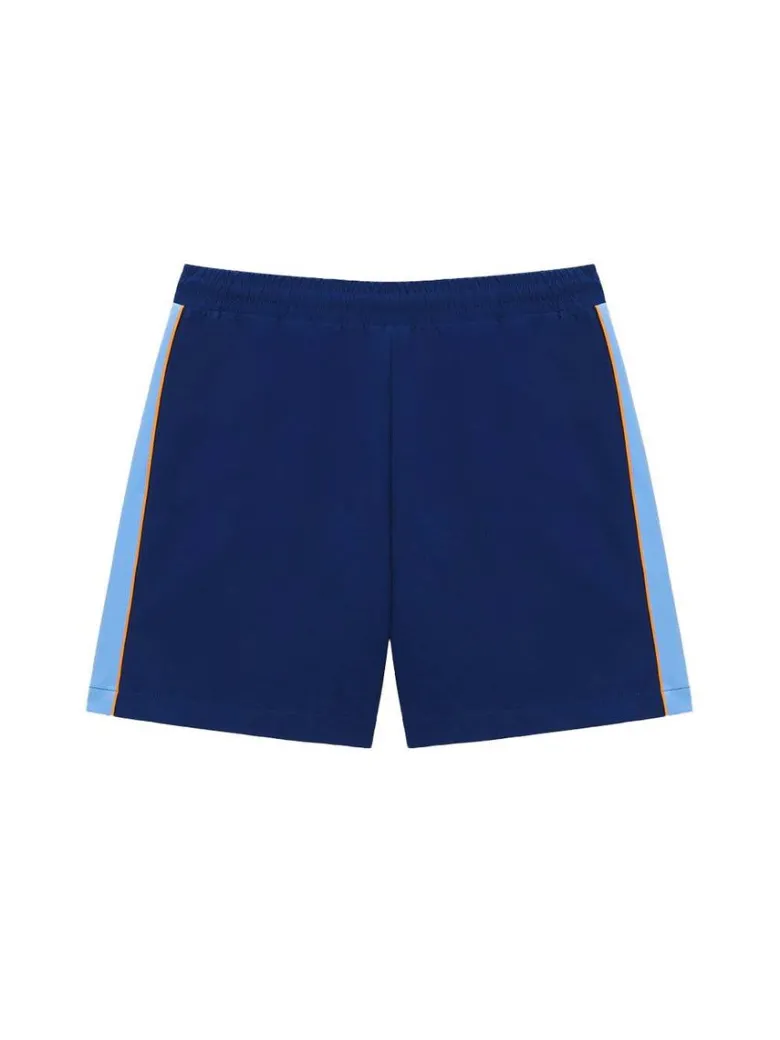 Fashion Advantage Staff Shorts- Navy Matching Separates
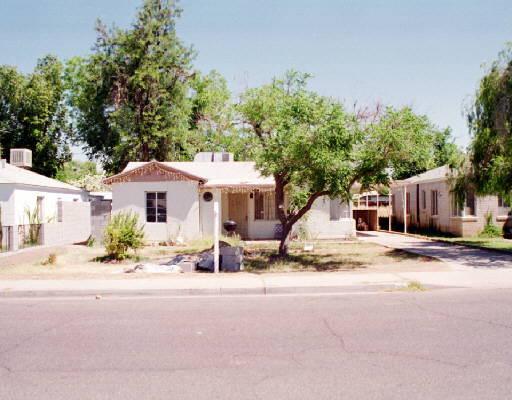 2210 E Yale St., Phoenix, AZ 85006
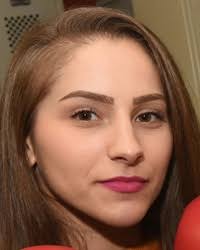 BoxRec: Melanie Costa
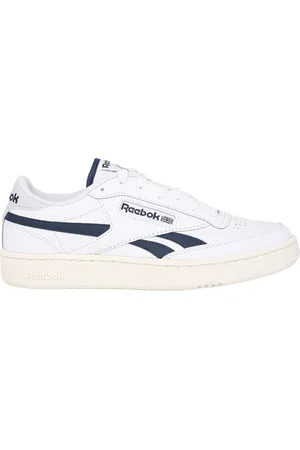 Reebok Hombre, Zapatos, Blanco, Talla: 41 EU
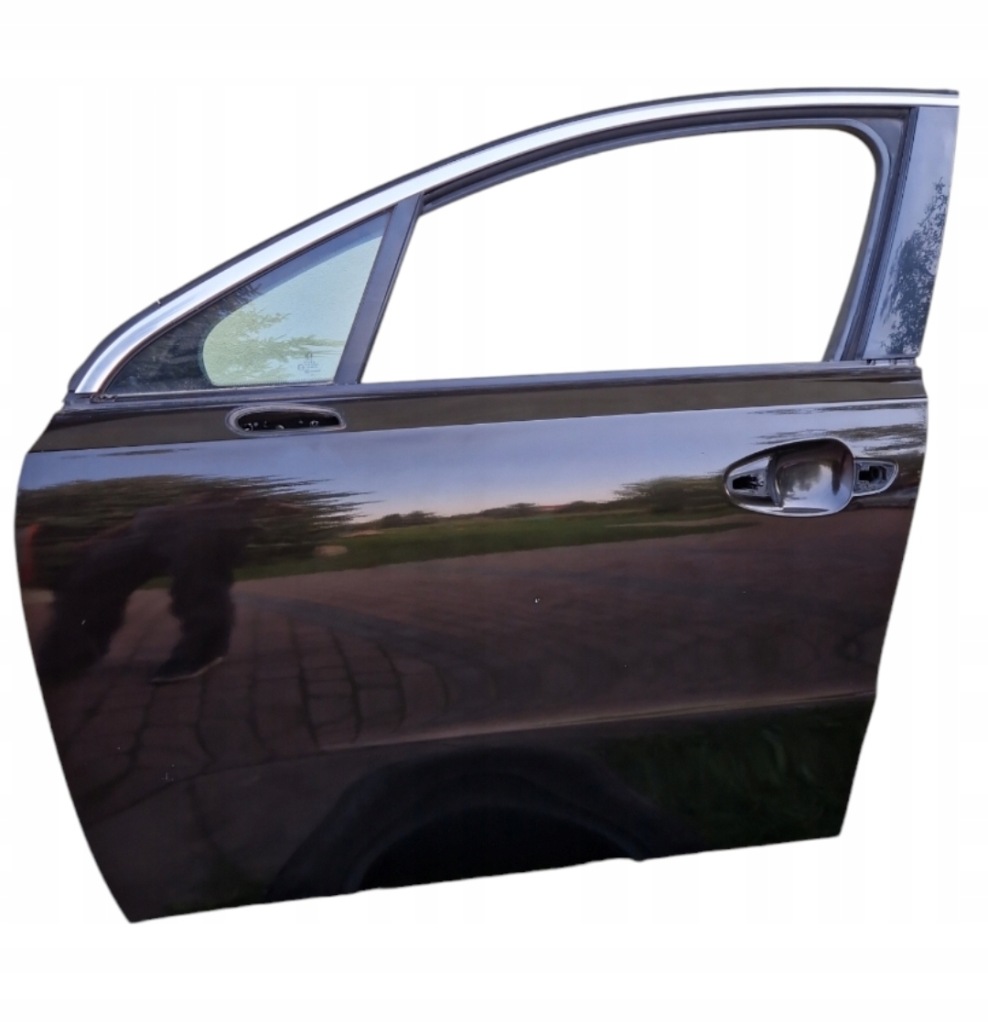 фото №1, Peugeot 508 i дверь левая перед передние левая лак kdmd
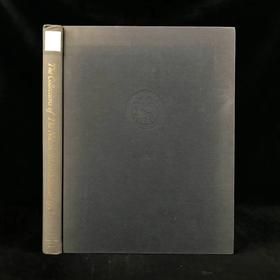 纳尔逊·阿特金斯艺术博物馆藏品 150幅插图（144幅彩色） 精装8开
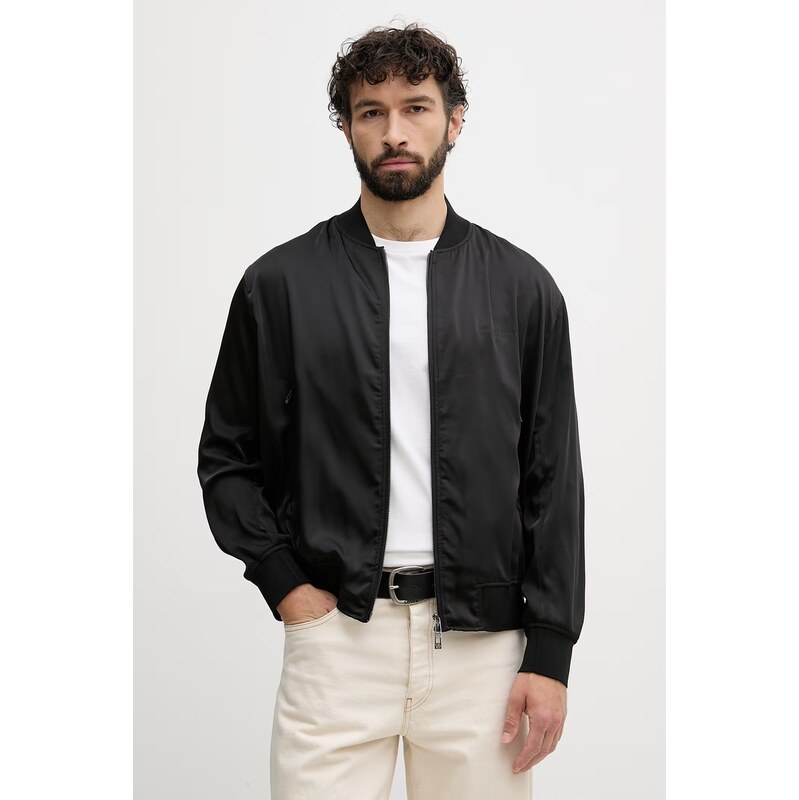 Armani Exchange bomber pánský 115361522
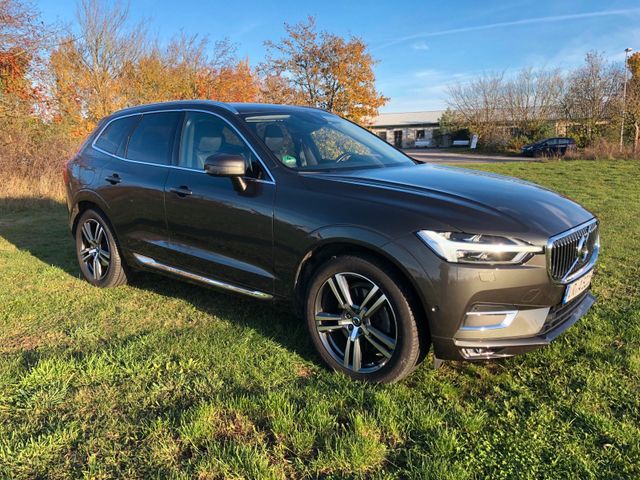 Volvo XC 60 T5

**Exercise instructions**
Write the lines out again exactly, beginning at the one containing "Reebok Hombre, Zapatos, Blanco, Talla: 41 EU" and ending with the last line of the entries, but without any pictures.

**Response area**
 Reebok Hombre, Zapatos, Blanco, Talla: 41 EU
 фото №1, Peugeot 508 i дверь левая перед передние левая лак kdmd
 纳尔逊·阿特金斯艺术博物馆藏品 150幅插图（144幅彩色） 精装8开
 Armani Exchange bomber pánský 115361522
 Volvo XC 60 T5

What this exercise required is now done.